Will Wisconsin Become a Climate Haven?

The 2023 Climate Change Symposium provided an opportunity to learn about the effects of climate change on our natural resources and ecosystems, as well as economic and public policy implications.

Wisconsin as a climate haven was the subject of the 2023 Climate Change Symposium, hosted by the Nelson Institute Center for Climatic Research (CCR) on November 7 at the Wisconsin Institute for Discovery. The symposium provided an opportunity for the community to learn about the effects of climate change on our natural resources and ecosystems, as well as economic and public policy implications. Three expert panelists led an in-depth discussion of the topic.

The first, Steve Vavrus, CCR scientist and co-director, Wisconsin Initiative on Climate Change Impacts (WICCI), set the stage by reminding the more than 80 in-person participants that, while human climate migration is not new in the U.S., he is hearing great interest in how climate change will impact where people live as extreme weather disasters are increasing. 2023 has already set a record for billion-dollar weather and climate disasters in the United States as of October 10.

According to Vavrus, Wisconsin has many benefits as a climate haven. Wisconsin has lots of water and a cool climate relative to the southern states. Wisconsin is also attractive because of some of the conditions it doesn’t have, namely major wildfires, hurricanes, and sea level rise.

However, Wisconsin is not immune to the impacts of climate change. The last two decades were the warmest on record and the last decade was the wettest in Wisconsin. That makes Wisconsin vulnerable to extreme heat, especially in urban areas, and flooding.

We are also not immune to smoke from wildfires, as demonstrated this summer with air quality advisories from Canadian wildfires. According to Vavrus, “All this shows that we do have selling points but also a lot of challenges.”

Are people already migrating to Wisconsin? A look at demographic data from the latest census shows that Wisconsin is losing people due to migration according to Anna Haines, land use and community development professor, UW–Stevens Point and UW–Madison Division of Extension, while places like Texas and Florida are receiving migrants.

In the future, over 13 million people in the U.S. will be in areas prone to sea level rise. Still, surveys show some of the top reasons people move are for family and employment, with climate and natural disasters being low on the list.

Even so, Haines emphasized that local governments are vulnerable if they don’t have plans for either sudden onset disasters, like a hurricane or extreme flood event, or slow onset challenges like sea level rise.

In her reporting, Alexandra Tempus, climate-change journalist and UW alumna, found that most climate migration is internal, within national borders, not across them.
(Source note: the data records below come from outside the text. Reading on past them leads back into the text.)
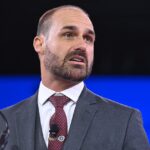PF recomenda demissão de Eduardo Bolsonaro por abandono do posto de trabalho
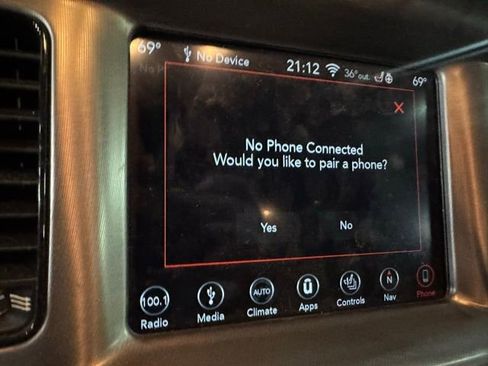 Used 2019 Dodge Charger SXT w/ Plus Group image 7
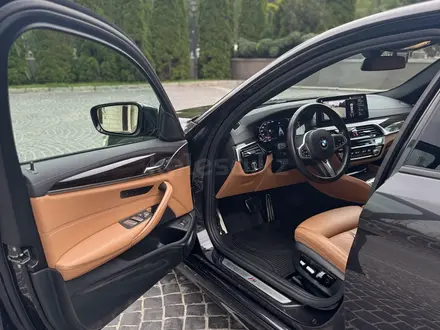 BMW 520 2021 года за 23 500 000 тг. в Алматы – фото 18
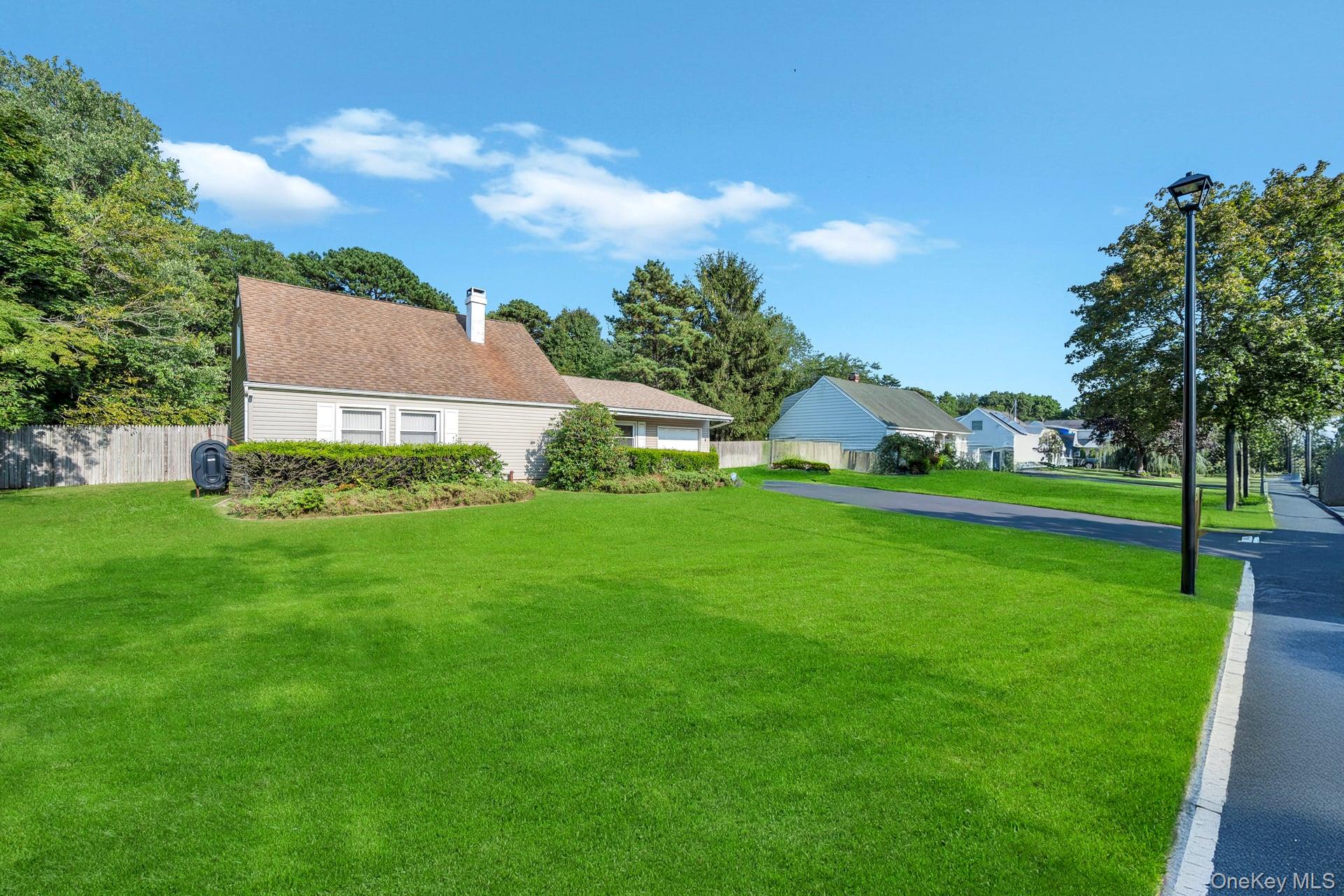 Medford, New York, 11763, United States, 5 Bedrooms Bedrooms, ,2 BathroomsBathrooms,Residential,For Sale,1926312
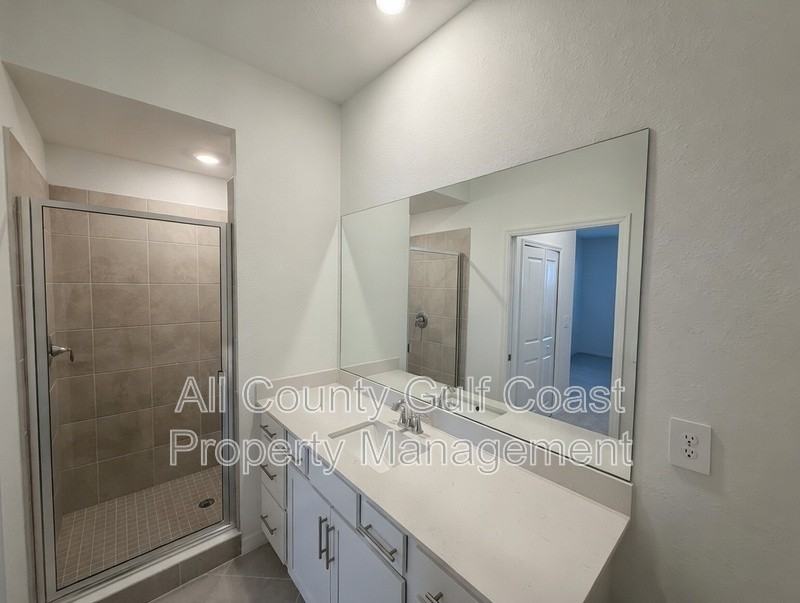 19140 Scallop Loop #403 - Photo 5 of 20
Her discussions with experts on migration show that long distances moves are rare and, on average, people relocating after a disaster mostly move within 20 miles of their previous home.

Wisconsin has a history of communities moving collectively out of harm’s way. Her reporting in the Driftless Region of Wisconsin uncovered many examples of community relocations that can serve as a model for local governments dealing with the challenges of climate change.

A lively discussion after the presentations included the human impacts of climate disasters, anecdotal evidence of people buying property in Wisconsin but not moving here yet, relocation pressure from the insurance industry that is leaving some markets due to disaster risk, and how the government can help. Clearly, we are just beginning to understand the implications of climate change on human climate migration, but this symposium was a great start.